Prompt:
Your copy should hold only the lines from the one with "Hotel Roter Hahn" to the one with "Pracodawcy są zobowiązani", both included, each exactly as it stands below, with no pictures.

Exercise data:
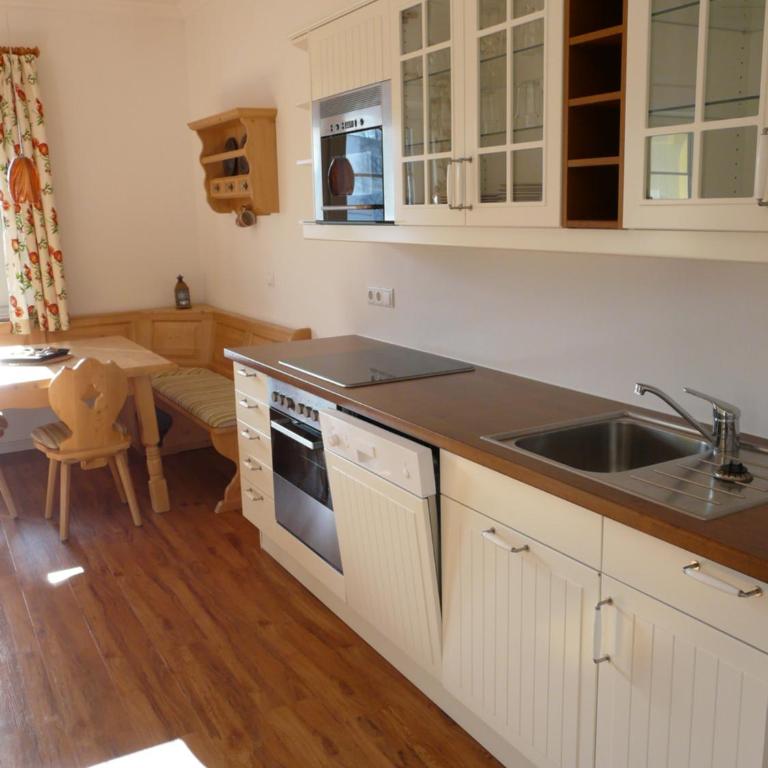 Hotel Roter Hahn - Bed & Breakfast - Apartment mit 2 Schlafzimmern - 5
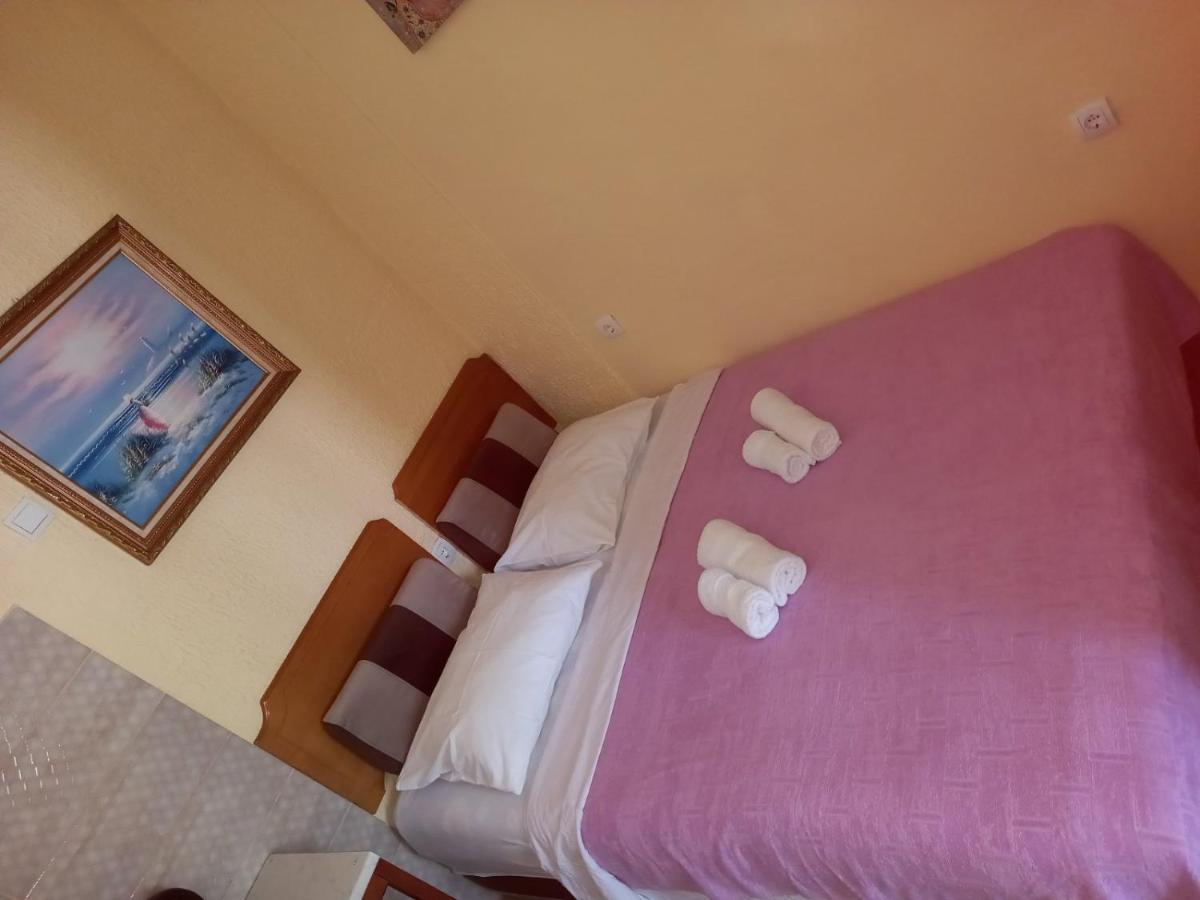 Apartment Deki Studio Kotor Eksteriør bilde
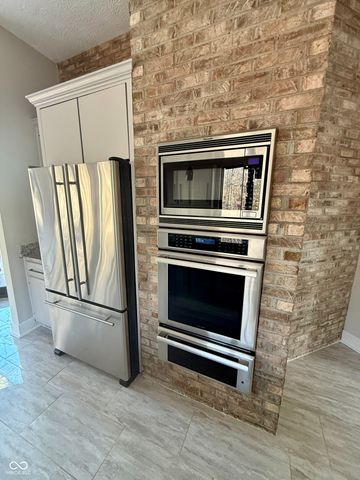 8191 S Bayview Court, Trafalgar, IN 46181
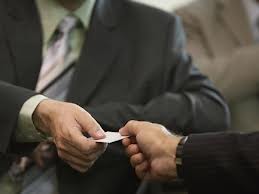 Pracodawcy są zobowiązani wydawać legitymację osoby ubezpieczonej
...
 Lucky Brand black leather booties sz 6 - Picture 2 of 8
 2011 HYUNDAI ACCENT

Exercise response:
 Hotel Roter Hahn - Bed & Breakfast - Apartment mit 2 Schlafzimmern - 5
 Apartment Deki Studio Kotor Eksteriør bilde
 8191 S Bayview Court, Trafalgar, IN 46181
 Pracodawcy są zobowiązani wydawać legitymację osoby ubezpieczonej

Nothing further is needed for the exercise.